▸ INSTRUCTIONS TO FOLLOW:
What number of lines in the material contain the word "Toronto"? Give that number alone.
*** SUPPLIED INFORMATION Section Begins ***
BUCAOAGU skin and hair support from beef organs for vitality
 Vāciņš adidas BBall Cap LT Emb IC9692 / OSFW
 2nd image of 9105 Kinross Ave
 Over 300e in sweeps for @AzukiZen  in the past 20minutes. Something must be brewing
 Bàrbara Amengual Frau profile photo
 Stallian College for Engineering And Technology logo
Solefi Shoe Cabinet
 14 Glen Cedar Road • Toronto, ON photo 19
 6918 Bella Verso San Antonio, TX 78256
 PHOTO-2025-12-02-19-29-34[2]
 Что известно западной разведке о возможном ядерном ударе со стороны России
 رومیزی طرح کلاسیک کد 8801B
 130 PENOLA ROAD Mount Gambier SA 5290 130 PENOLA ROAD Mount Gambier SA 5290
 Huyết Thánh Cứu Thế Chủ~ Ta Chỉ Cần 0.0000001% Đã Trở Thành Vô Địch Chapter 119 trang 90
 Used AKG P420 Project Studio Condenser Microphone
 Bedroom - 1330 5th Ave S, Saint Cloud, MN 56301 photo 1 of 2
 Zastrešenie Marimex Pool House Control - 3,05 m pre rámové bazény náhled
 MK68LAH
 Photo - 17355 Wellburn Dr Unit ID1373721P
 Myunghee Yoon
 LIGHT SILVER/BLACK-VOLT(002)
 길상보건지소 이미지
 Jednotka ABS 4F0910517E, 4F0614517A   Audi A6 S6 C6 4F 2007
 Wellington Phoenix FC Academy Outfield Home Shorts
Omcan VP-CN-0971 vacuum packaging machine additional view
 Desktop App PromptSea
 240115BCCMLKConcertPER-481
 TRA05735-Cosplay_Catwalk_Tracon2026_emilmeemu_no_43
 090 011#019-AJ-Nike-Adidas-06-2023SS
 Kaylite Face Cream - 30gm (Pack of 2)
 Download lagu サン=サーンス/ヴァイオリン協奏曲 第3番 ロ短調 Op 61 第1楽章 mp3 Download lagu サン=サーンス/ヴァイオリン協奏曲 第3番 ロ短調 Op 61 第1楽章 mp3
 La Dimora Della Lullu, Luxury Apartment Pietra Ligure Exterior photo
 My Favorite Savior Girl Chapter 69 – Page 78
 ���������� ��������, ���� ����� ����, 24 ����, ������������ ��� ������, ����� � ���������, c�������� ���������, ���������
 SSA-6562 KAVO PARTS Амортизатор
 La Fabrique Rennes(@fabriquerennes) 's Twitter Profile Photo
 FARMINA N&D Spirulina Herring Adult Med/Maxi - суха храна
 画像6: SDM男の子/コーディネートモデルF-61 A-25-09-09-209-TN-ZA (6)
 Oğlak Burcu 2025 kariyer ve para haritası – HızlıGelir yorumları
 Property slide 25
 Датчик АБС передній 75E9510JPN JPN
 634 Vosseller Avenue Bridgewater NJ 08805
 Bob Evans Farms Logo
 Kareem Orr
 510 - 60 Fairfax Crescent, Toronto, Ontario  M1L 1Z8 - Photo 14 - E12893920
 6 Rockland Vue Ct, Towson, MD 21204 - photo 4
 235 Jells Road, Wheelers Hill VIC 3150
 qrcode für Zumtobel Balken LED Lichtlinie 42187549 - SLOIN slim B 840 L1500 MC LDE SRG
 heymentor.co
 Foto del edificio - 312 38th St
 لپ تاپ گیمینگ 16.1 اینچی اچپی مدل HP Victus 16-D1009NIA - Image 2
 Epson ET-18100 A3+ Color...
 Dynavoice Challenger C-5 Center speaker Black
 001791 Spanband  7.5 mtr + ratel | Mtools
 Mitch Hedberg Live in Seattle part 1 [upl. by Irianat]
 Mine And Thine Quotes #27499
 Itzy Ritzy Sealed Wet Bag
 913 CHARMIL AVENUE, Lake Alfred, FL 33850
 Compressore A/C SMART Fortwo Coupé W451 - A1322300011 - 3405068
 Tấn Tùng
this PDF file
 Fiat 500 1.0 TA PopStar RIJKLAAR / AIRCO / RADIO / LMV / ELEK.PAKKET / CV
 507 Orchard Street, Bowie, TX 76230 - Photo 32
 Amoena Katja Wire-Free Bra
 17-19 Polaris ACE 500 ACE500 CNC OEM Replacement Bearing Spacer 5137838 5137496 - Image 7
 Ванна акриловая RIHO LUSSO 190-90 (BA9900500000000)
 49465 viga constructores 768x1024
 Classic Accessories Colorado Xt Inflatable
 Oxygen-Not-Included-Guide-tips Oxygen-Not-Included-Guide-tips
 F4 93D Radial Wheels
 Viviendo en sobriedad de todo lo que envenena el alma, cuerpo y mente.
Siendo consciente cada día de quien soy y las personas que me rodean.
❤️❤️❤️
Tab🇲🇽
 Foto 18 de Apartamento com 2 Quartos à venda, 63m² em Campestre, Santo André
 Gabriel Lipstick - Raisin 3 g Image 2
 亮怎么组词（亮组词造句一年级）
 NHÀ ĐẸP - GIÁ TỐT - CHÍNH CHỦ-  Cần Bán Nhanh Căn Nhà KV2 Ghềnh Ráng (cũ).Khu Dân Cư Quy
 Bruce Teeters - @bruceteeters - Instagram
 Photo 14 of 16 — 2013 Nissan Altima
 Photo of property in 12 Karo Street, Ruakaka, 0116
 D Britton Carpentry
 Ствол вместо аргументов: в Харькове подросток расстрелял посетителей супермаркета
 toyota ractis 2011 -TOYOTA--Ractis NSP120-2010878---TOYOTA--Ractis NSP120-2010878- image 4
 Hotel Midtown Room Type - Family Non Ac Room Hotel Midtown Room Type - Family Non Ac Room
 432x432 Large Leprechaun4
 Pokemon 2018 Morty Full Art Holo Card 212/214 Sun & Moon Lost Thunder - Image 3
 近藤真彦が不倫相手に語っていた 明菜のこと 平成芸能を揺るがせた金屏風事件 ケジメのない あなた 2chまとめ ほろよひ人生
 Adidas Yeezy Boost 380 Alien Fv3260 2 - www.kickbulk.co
*** SUPPLIED INFORMATION Section Ends ***
▸ REPLY TO THE EXERCISE:
2